Sighing On 15/04/16
Yesterday I signed on.
It was a breathtakingly sunny day which heightened my spirits enormously. Conscientious and not wanting to be late, I decided to leave three quarters of an hour early in case the traffic was heavy or I would be unable to park. After all, I didn't want to appear tardy by turning up late for my first appointment.
Suffice to say, all my meticulous planning paid off. I arrived at the Job centre half an hour early. Half an hour that felt like a lifetime.
I used this valuable time to delete messages on my phone and wondering whether or not I should walk across the road to the supermarket, to see if there were any cheap clothes on sale. In the end, I stayed in the car, after all, I was there on a serious matter - clothes shopping, or rather, clothes browsing, could wait for another day.
I nervously walked into the Job Centre and although it appeared too clinical, I did feel at ease and I was standing in the waiting area looking like a lost sheep when I heard someone ask me for my name. Whereupon the disembodied voice asked me to sit down; I suppose it didn't seem worth the effort for him to actually get out of his seat.
Thankfully, there was a brilliant view over the harbour in which I took solace.

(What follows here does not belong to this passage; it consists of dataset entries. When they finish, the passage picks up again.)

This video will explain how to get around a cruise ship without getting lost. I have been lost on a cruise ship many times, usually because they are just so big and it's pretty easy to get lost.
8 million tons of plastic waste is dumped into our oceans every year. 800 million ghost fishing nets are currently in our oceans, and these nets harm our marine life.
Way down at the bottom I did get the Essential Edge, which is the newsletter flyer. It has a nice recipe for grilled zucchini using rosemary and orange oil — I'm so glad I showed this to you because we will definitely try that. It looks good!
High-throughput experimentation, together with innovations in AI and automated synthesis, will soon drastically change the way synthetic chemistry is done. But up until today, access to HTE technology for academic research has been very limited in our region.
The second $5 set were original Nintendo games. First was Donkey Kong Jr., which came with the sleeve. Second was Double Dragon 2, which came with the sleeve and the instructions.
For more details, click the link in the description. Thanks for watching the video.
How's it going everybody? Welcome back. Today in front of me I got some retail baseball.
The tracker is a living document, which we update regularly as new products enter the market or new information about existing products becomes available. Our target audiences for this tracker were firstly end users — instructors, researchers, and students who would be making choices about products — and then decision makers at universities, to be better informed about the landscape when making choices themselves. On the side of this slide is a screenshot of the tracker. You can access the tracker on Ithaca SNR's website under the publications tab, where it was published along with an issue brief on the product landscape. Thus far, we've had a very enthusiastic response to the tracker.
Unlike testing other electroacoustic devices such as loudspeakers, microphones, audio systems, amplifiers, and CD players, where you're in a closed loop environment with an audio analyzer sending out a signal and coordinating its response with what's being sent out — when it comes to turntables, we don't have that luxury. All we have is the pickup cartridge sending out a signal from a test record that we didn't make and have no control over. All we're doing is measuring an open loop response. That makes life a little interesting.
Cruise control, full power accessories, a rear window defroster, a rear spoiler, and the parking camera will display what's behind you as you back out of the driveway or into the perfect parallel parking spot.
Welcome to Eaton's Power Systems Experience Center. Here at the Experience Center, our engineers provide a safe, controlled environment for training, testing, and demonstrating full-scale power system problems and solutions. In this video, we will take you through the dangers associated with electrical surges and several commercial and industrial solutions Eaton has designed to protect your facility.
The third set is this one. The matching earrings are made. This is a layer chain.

Sadly, my interviewer was running late, but all was not lost because it became a topic of conversation, a conversation opener if you will. When I explained the situation to the young lady sat next to me, she turned her nose up and sighed, which gave us a common bond.We were both unanimous in our acceptance of the situation. I smiled, and glanced down at the two little plant pots by the side of her. She had obviously opted to go to the supermarket over the road. At this point, I envied her decision.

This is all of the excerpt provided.